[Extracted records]

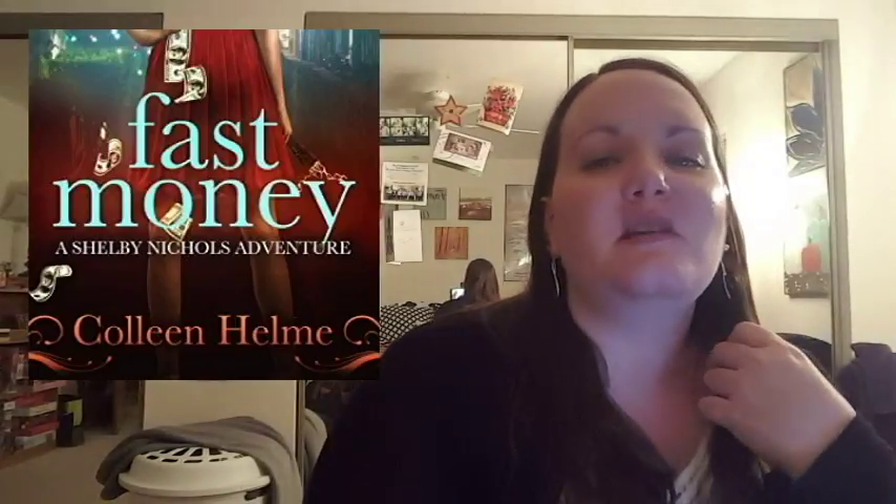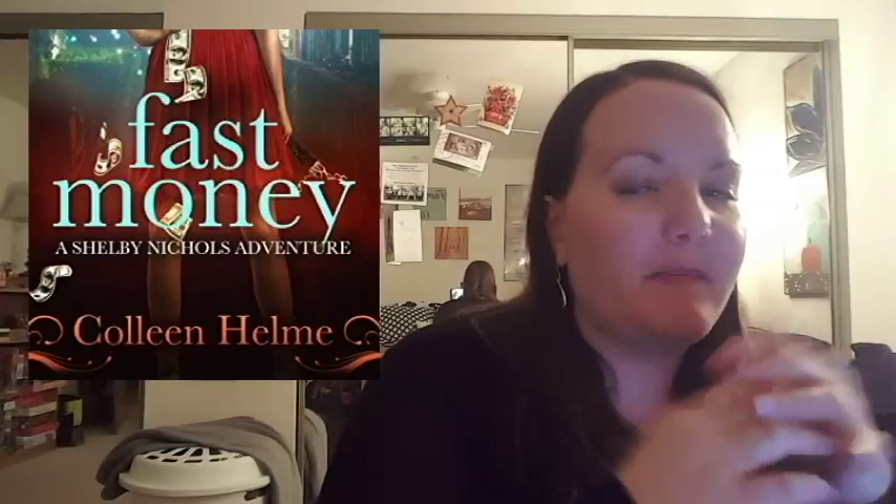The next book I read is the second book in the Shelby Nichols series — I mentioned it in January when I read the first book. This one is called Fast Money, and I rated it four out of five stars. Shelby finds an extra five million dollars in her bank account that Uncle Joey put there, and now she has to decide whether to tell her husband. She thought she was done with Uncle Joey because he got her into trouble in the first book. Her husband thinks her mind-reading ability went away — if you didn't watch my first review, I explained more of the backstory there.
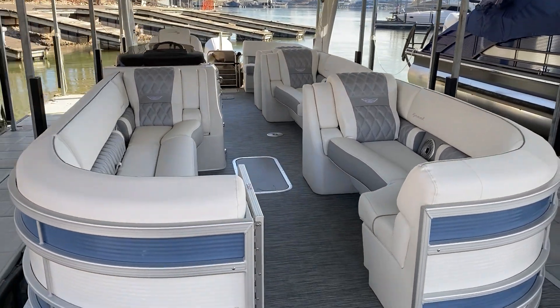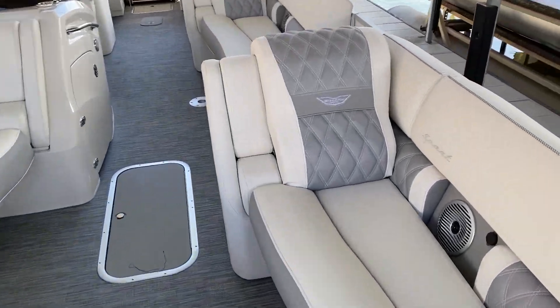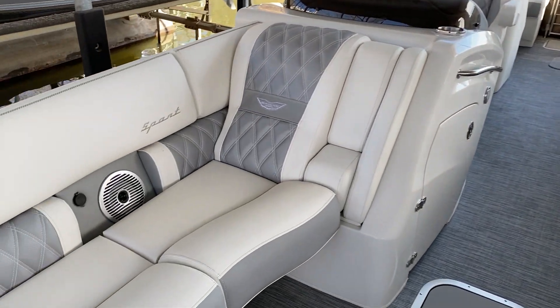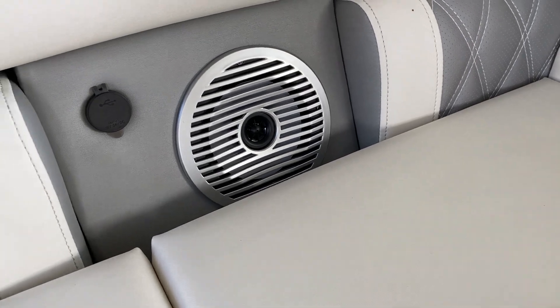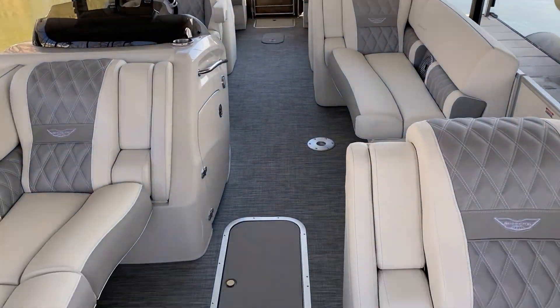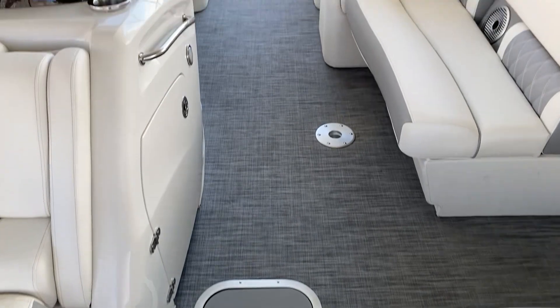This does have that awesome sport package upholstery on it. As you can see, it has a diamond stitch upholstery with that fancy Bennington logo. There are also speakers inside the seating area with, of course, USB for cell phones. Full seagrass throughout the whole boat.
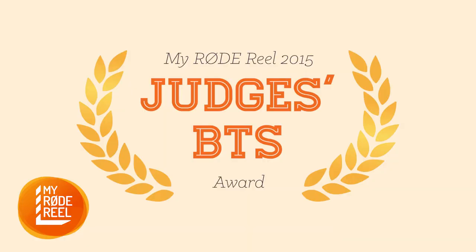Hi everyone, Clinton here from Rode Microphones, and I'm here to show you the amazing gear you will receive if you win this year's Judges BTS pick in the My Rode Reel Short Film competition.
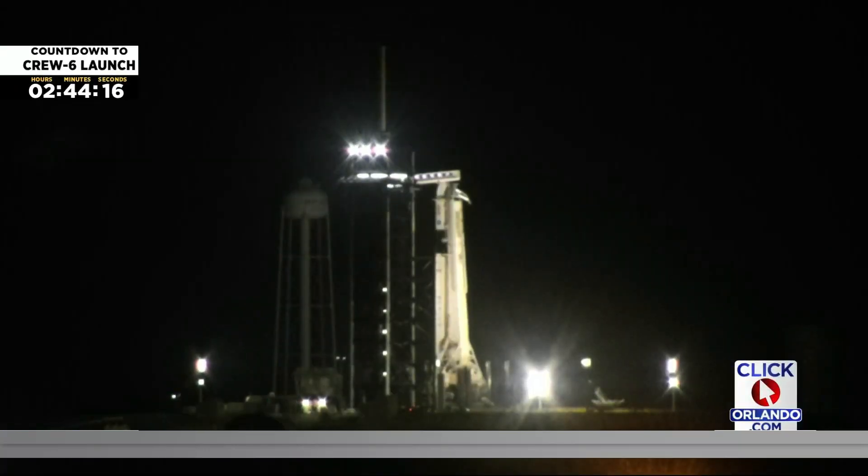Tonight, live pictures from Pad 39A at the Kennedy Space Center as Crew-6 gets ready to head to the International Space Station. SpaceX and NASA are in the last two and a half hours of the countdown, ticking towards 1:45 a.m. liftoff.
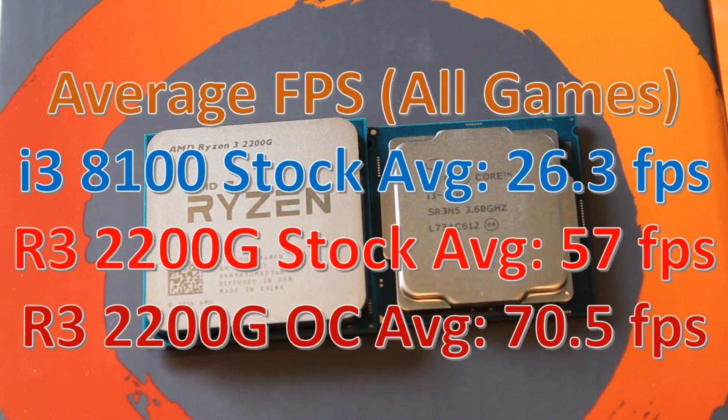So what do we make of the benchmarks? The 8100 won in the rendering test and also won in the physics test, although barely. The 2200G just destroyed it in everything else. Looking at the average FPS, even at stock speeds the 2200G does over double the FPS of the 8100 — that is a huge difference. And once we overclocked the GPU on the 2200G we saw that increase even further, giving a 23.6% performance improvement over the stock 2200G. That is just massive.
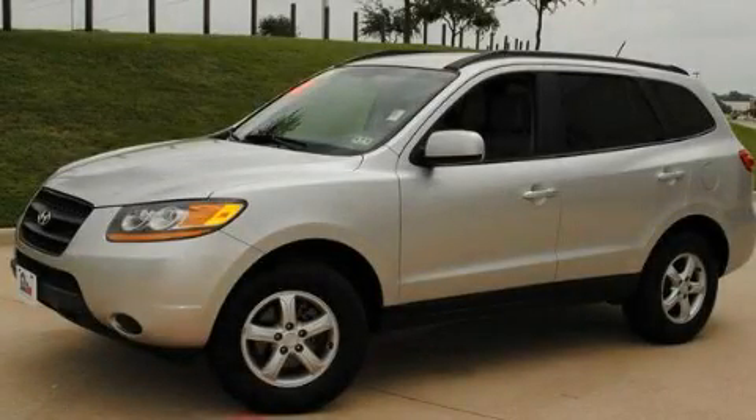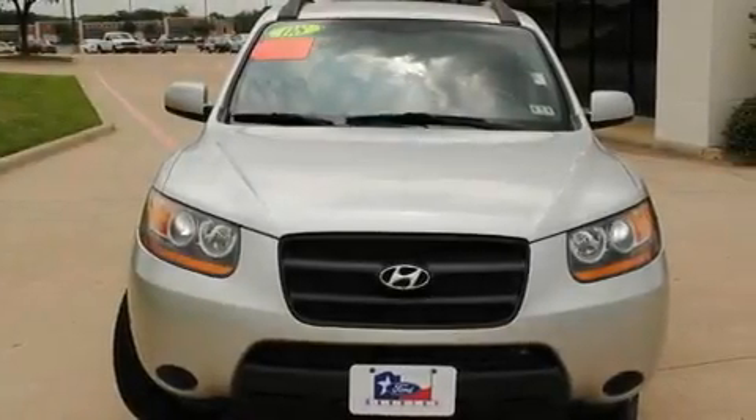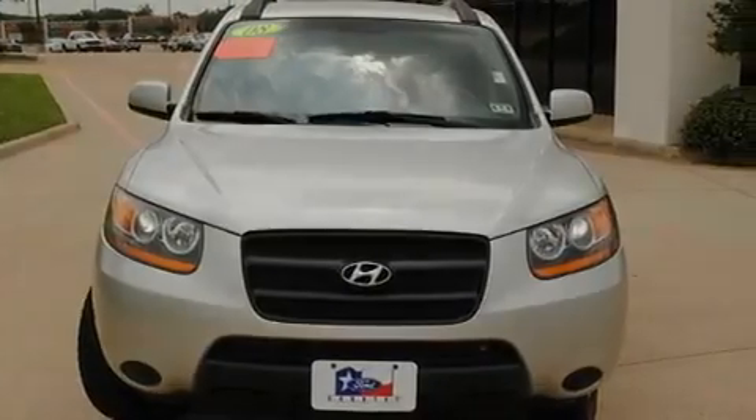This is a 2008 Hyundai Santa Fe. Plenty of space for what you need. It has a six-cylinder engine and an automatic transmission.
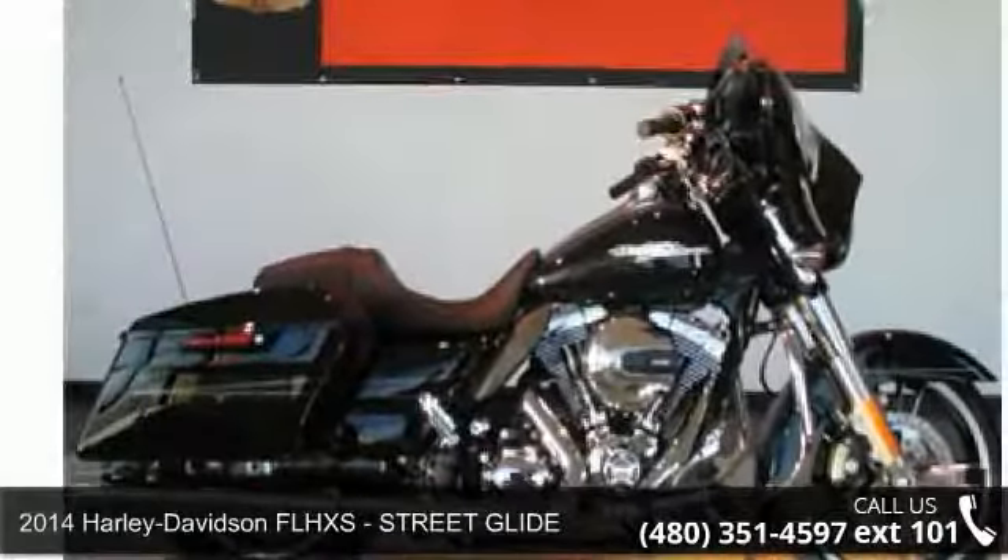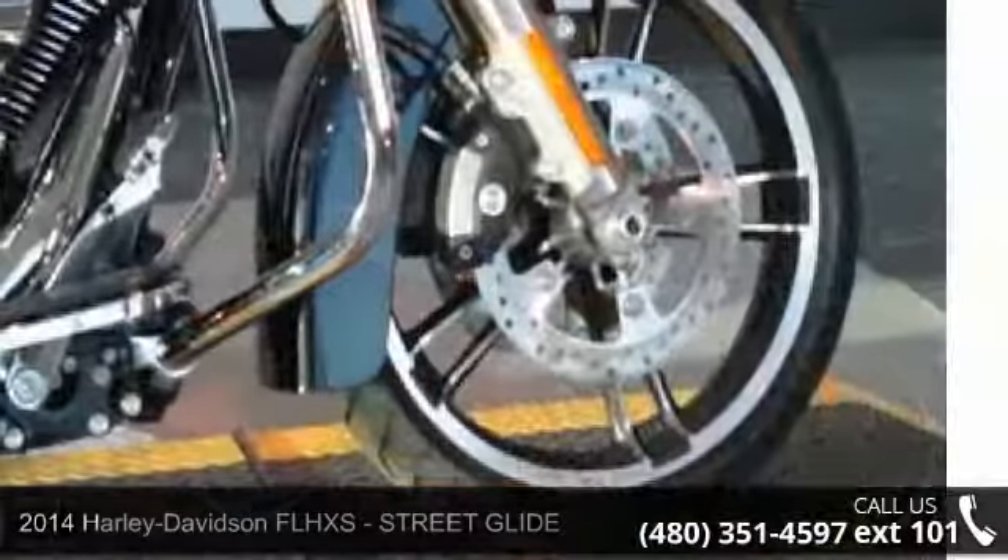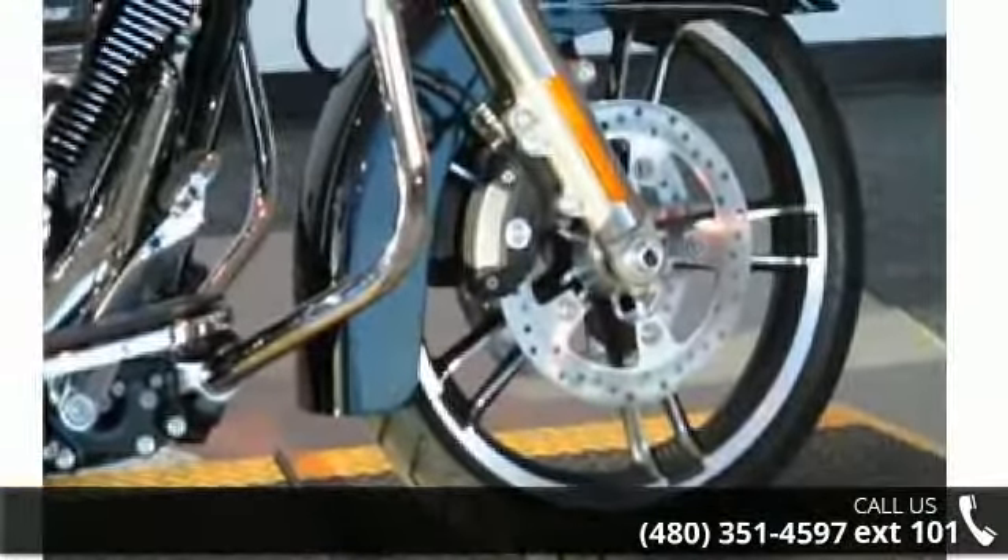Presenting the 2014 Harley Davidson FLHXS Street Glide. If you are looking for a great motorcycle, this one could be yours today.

• **What you are asked to do**:
Starting from the line containing "This is a 2008", repeat each line exactly through the end of the entries, including the last, while leaving pictures out.

• **Response box**:
This is a 2008 Hyundai Santa Fe. Plenty of space for what you need. It has a six-cylinder engine and an automatic transmission.
Presenting the 2014 Harley Davidson FLHXS Street Glide. If you are looking for a great motorcycle, this one could be yours today.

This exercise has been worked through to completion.